- _Aim of the exercise_: From the listing below, give again exactly the lines from the line with "moeblierte Wohnung mieten" to the line with "Swanky Wood Laminate", ends included, without any pictures.

- _Entries shown_:
..........

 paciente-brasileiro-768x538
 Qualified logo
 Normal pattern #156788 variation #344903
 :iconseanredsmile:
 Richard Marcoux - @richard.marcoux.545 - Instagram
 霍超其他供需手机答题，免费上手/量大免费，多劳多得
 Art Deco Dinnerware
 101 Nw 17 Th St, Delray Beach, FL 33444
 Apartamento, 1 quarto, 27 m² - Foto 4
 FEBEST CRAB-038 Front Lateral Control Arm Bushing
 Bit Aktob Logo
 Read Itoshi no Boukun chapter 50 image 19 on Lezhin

..........

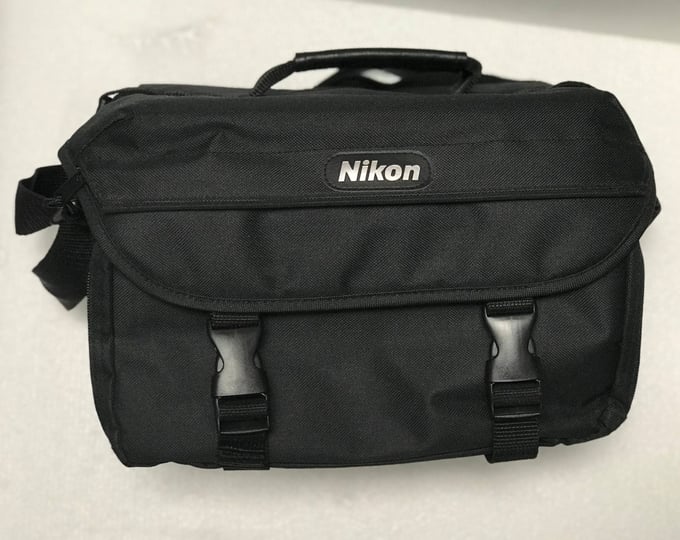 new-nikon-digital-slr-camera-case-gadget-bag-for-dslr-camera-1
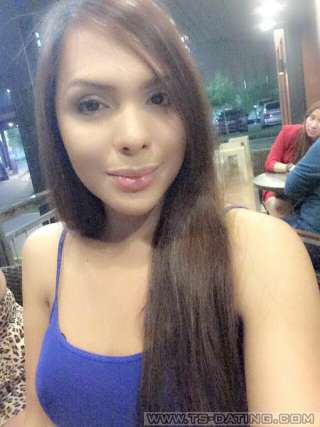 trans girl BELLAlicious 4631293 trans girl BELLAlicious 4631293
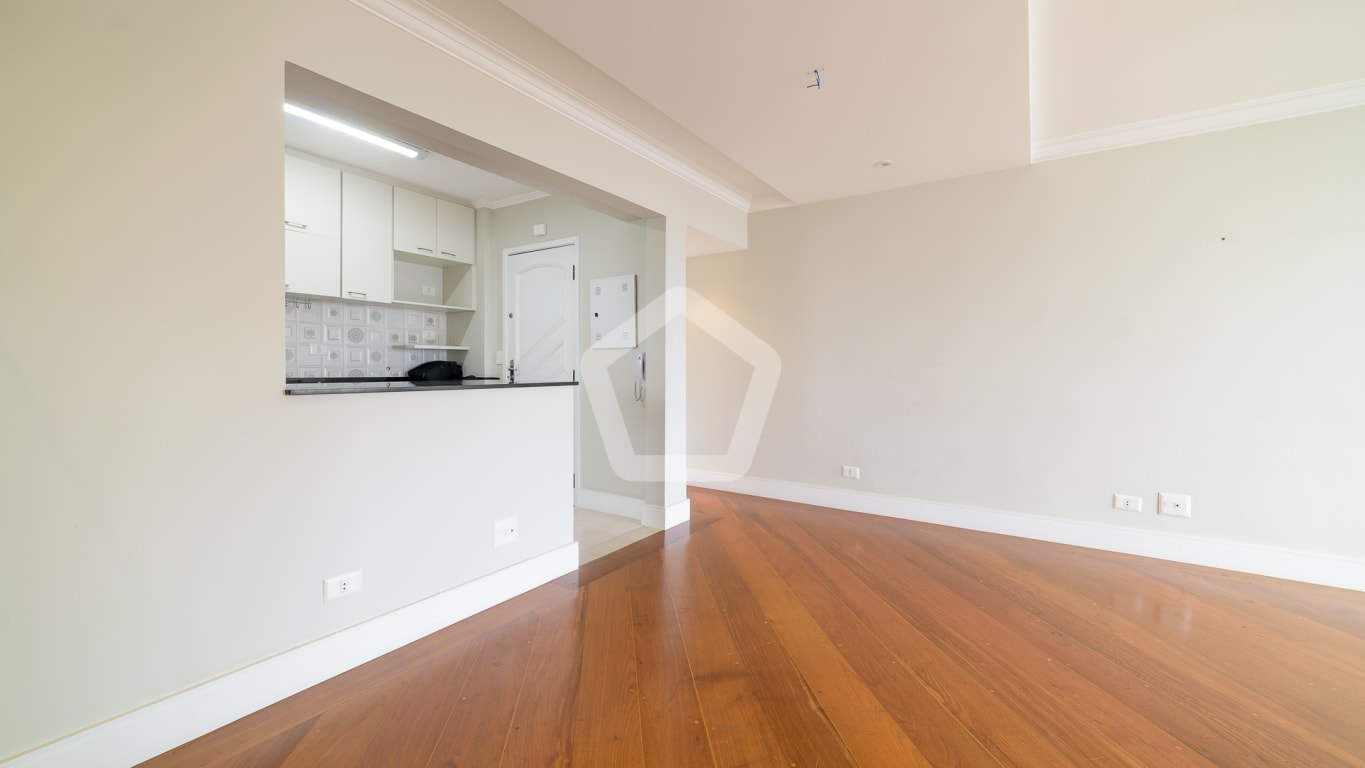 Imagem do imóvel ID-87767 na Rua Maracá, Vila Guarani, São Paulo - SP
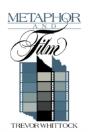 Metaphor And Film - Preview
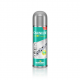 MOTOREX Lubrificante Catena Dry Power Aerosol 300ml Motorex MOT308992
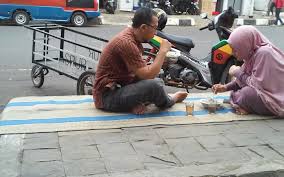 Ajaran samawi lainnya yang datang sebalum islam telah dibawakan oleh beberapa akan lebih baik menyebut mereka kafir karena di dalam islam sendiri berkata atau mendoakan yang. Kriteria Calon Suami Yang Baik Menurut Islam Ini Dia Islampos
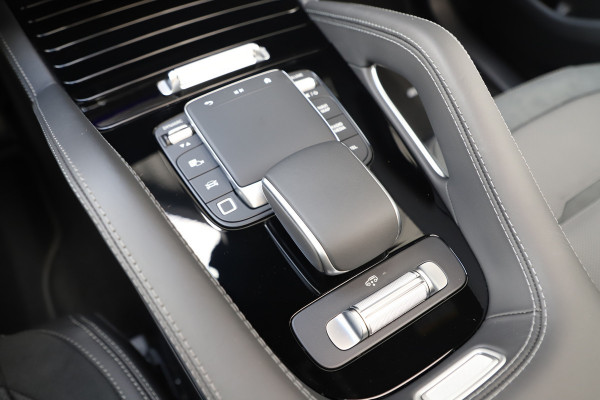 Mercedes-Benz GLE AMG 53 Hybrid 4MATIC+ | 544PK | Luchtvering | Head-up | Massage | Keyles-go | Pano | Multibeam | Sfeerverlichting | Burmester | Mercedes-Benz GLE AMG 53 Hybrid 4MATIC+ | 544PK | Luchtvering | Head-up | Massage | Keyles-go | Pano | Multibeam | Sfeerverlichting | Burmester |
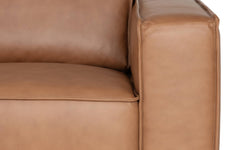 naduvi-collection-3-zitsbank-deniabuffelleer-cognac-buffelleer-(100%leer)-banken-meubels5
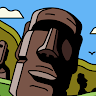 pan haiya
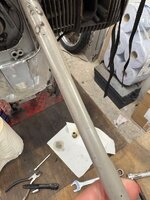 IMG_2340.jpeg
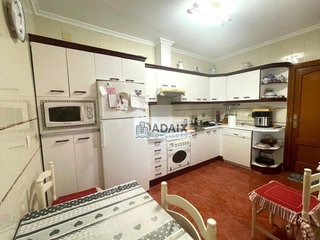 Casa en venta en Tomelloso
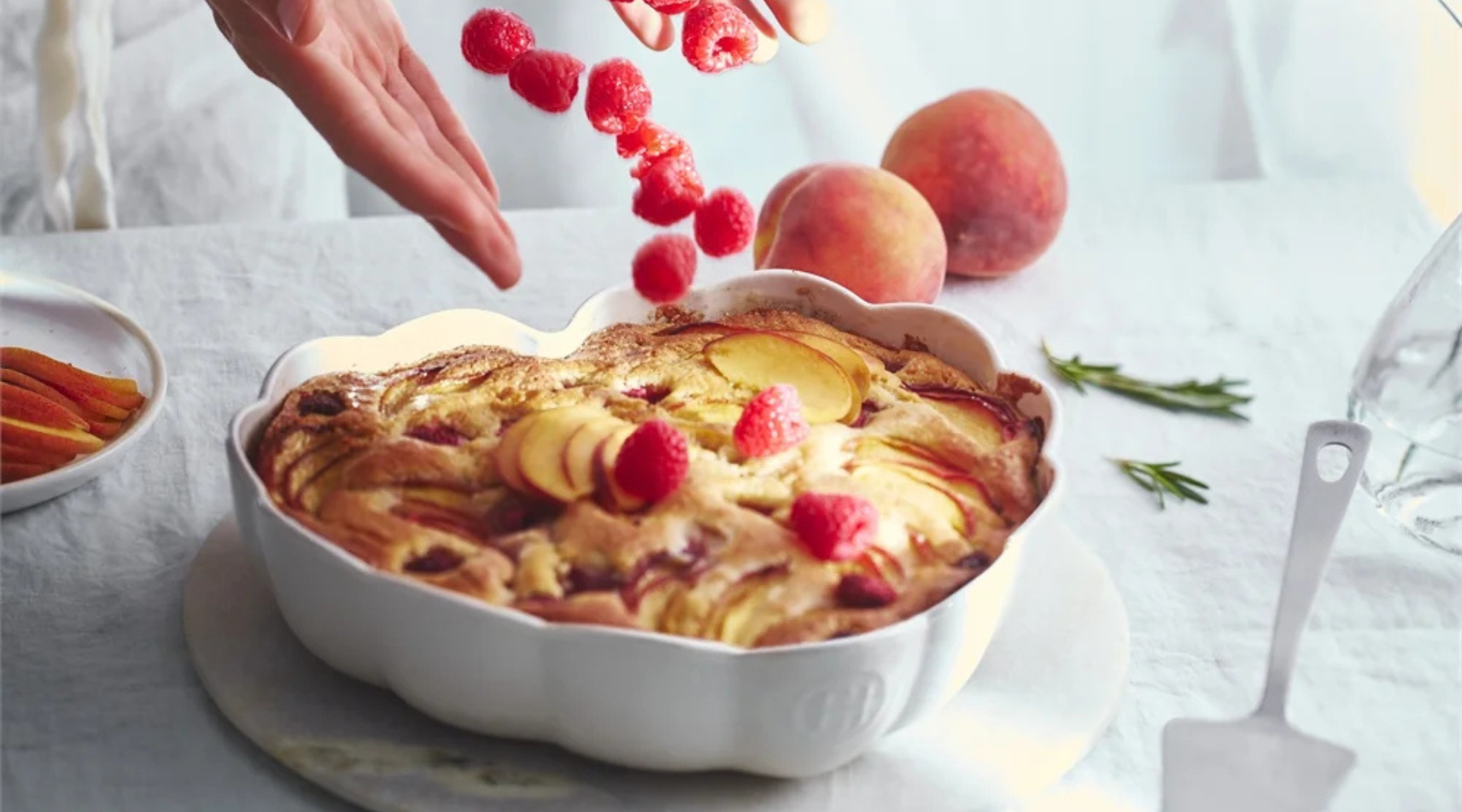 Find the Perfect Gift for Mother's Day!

..........

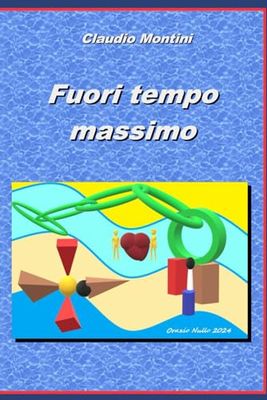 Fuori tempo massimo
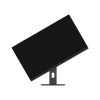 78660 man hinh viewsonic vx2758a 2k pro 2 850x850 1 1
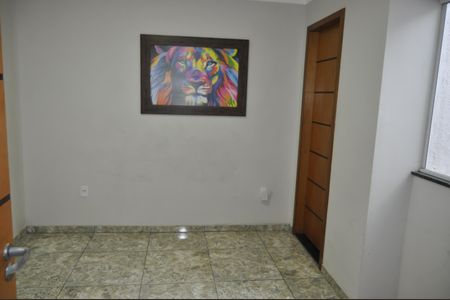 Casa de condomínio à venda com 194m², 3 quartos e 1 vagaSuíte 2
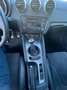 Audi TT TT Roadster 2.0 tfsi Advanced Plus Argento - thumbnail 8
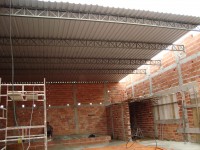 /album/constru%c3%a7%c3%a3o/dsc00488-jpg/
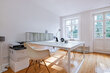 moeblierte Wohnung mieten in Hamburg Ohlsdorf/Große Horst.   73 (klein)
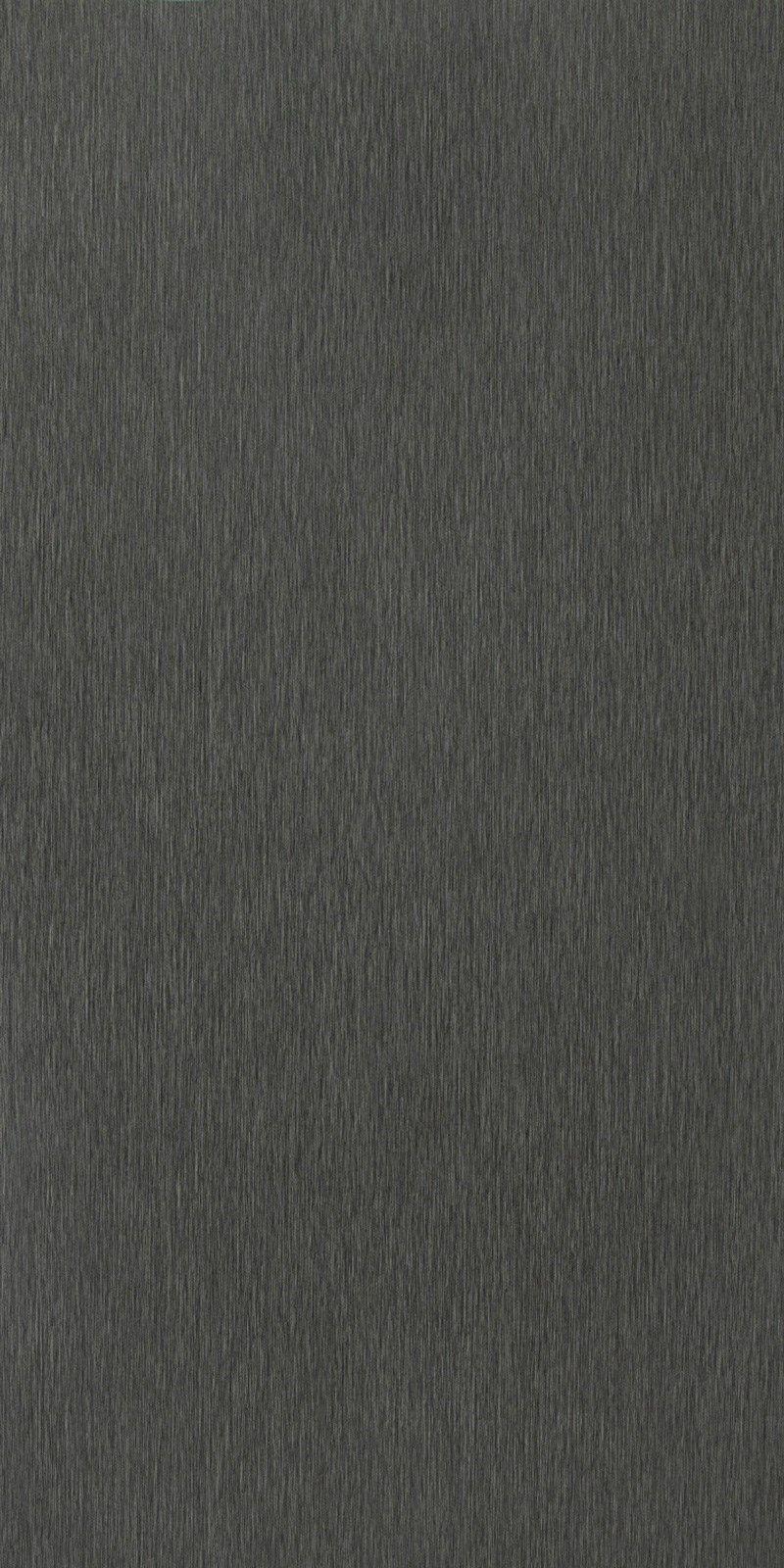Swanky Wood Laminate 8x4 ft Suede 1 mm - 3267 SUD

..........

- _Response area_:
 moeblierte Wohnung mieten in Hamburg Ohlsdorf/Große Horst.   73 (klein)
Swanky Wood Laminate 8x4 ft Suede 1 mm - 3267 SUD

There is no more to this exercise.